The clinical and medical relevance of chronobiology and circadian systems continues to grow in importance in shaping medical treatment, guiding research, providing new targets for drug development, and yielding insight into the inter-relatedness of various disease processes and circadian rhythms.
Sleep disorders and other changes have long been associated with a wide variety of medical problems. Part of the revolution in medical research brought about by advances in chronobiology, however, is the recognition that the function and dysfunction of cell-based clocks play an integral and causative role in the progression of a wide variety of diseases. For example, sleep disorders and shortened sleep duration are well correlated with increased risk of weight gain, obesity and metabolic diseases such as diabetes mellitus. Similarly, shift-work with its forced asynchrony between sleep-wake cycles and lagging circadian rhythms is strongly associated with increased cardiovascular morbidity and mortality. At the cellular level, ongoing research on cardiomyocyte circadian clock function is elucidating its significant influence on heart function and the progression of heart disease. Similarly, the multiplicity of peripheral clocks (i.e., outside the central clock of the supra-chiasmatic nucleus in the hypothalamus) in the human organism have been found to comprise networks which both control circadian processes and are tightly connected to metabolic control networks such that disturbance of one disturbs the other. Hence, not only can metabolic disease disturb sleep cycles, but disruptions in circadian rhythms can promote metabolic diseases.

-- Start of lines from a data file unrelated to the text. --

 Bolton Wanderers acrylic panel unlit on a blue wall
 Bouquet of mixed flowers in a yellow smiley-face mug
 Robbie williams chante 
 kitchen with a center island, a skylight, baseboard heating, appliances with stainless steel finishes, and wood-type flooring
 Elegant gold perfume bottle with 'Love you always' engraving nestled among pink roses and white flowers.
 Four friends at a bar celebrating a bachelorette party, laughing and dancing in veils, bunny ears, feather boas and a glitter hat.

Increasingly over the years, oncologists have come to realize that the effectiveness and severity of side effects of chemotherapies can vary dramatically based upon the time of day of their administration. Given the pronounced circadian rhythms in the cell cycle and the fact that many anti-cancer agents are tailored to attack particular aspects of the cell division machinery, perhaps it should not be surprising that time of administration matters so much. Recent findings now shed some light on a possible mechanism for the greater success of cisplatin treatments in the early morning. All cells, including cancer cells, undergo daily cycles in the effectiveness of their ability to repair DNA damage; an early morning ebb in the functioning of DNA excision repair provides a window when cancer cells are least able to counteract the damage done by cisplatin. As a consequence of research regarding the importance of time of administration for safety, tolerability, and effectiveness of some drug therapies, time of administration may increasingly become a factor to be controlled in the clinical evaluation of experimental cancer drugs.

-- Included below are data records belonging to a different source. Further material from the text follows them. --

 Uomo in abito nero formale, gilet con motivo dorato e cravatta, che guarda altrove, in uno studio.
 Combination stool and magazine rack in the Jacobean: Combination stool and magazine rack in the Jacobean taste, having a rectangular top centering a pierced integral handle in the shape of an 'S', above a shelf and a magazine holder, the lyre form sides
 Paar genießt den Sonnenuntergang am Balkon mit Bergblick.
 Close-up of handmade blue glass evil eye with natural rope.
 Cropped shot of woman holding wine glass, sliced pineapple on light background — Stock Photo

The ubiquity of clock genes and clock functions throughout the organs of the body suggest that circumstances affecting circadian rhythms, whether shift-work, jet-lag, or drugs that influence sleep and wakefulness, can have effects on the proper functioning of many other bodily functions. For example, current research suggests a role for circadian rhythms in the underlying mechanisms of some liver diseases, gastro-intestinal disorders, and susceptibility to alcoholism-driven liver damage. Additionally, disruptions in circadian cycles and attendant sleep disorders are increasingly understood to exacerbate certain mental illnesses.
Genes that control circadian functions are increasingly being correlated with various mental illnesses, with a particular emphasis on depression. Indeed, light therapy and temporary sleep deprivation have been shown to be therapeutically effective for some depressions, and pharmacologic modulators of the circadian regulator melatonin are under investigation as potential anti-depressants.

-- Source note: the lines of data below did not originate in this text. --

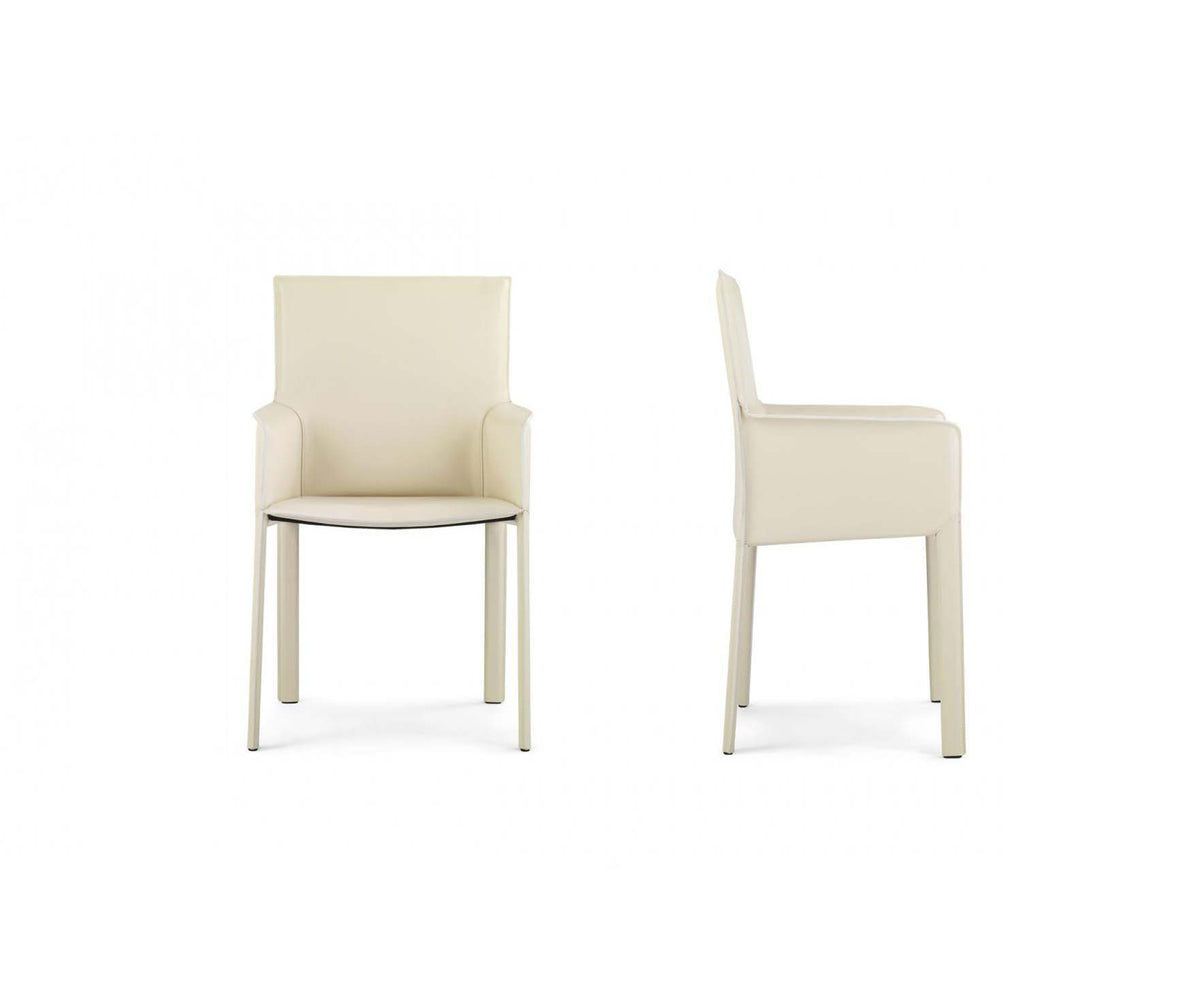Qualina dining armchair by Enrico Pellizzoni upholstered in leather with contemporary design – Casa Design Group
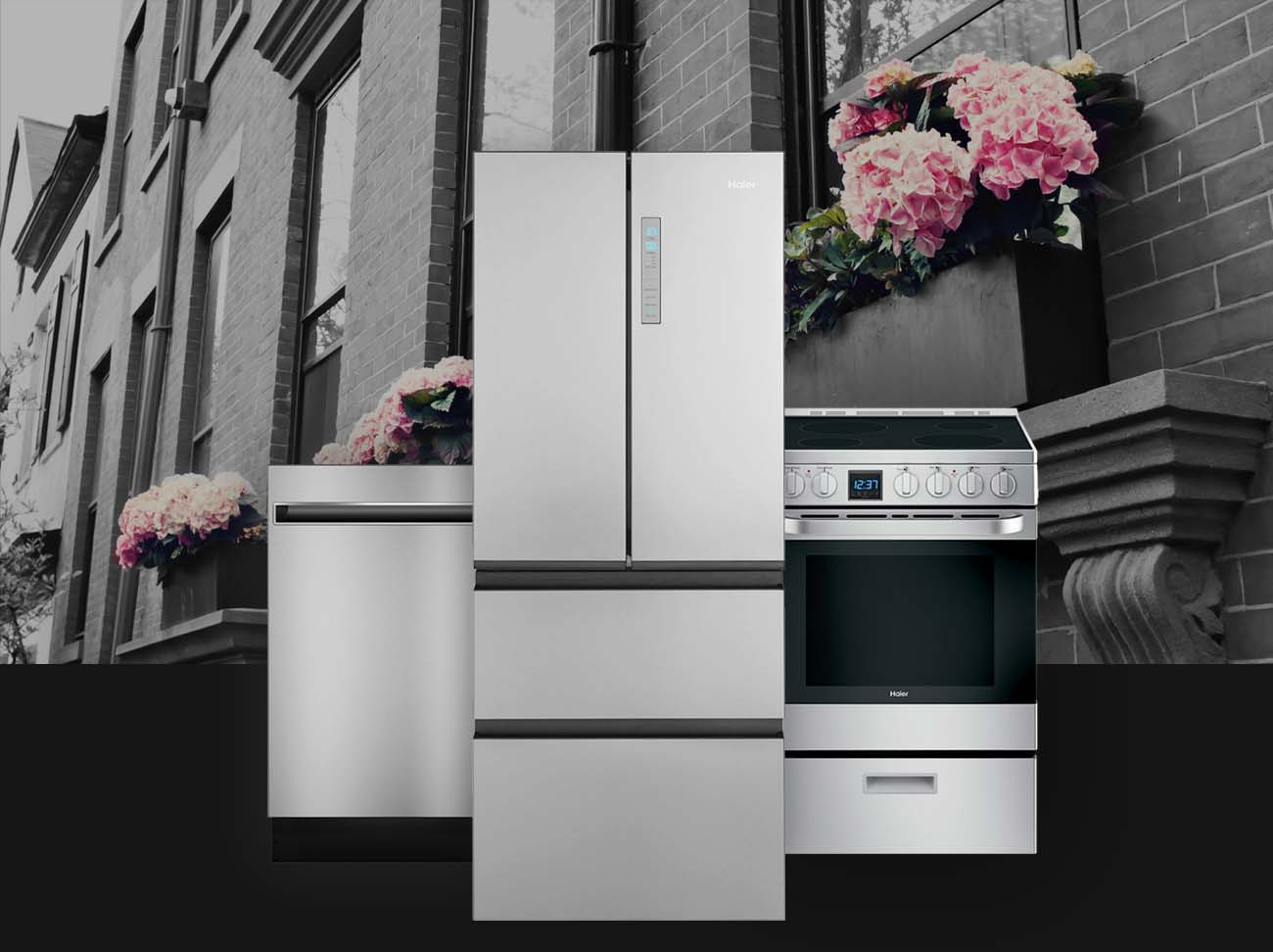  Haier small-space kitchen appliances layered over a background image of a downtown building with fresh spring flowers in large window garden boxes.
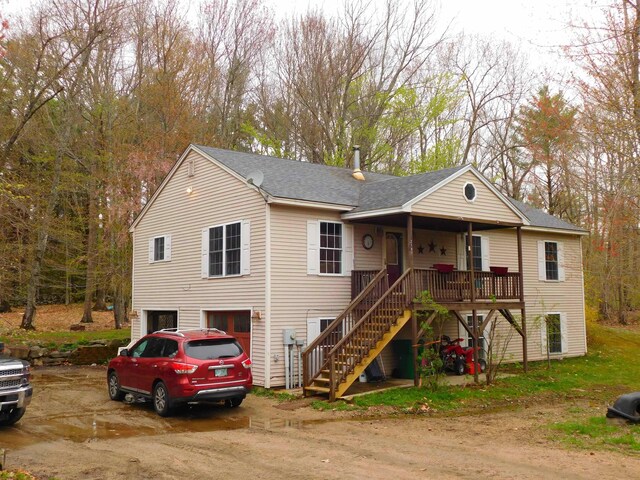 view of front of home with an attached garage, stairway, dirt driveway, and roof with shingles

Of course, the investigation and treatment of sleep disorders themselves are now pursued at the molecular level through investigation of the effects of multiple gene-based clock systems. Advances in the understanding of the molecular basis for the control of the sleep-wake cycle continue to provide insight into opportunities for treating sleep disorders. For example, in the past decade investigations into the chronobiology of narcolepsy through comparative species studies have lead to the discovery that human narcolepsy is probably a neurodegenerative disease, related to diminished functioning of orexin neurons.
Future investigations will undoubtedly continue to inform clinical and medical understanding and practice. We at CCB look forward to contributing to groundbreaking research and to the shape of medicine to come.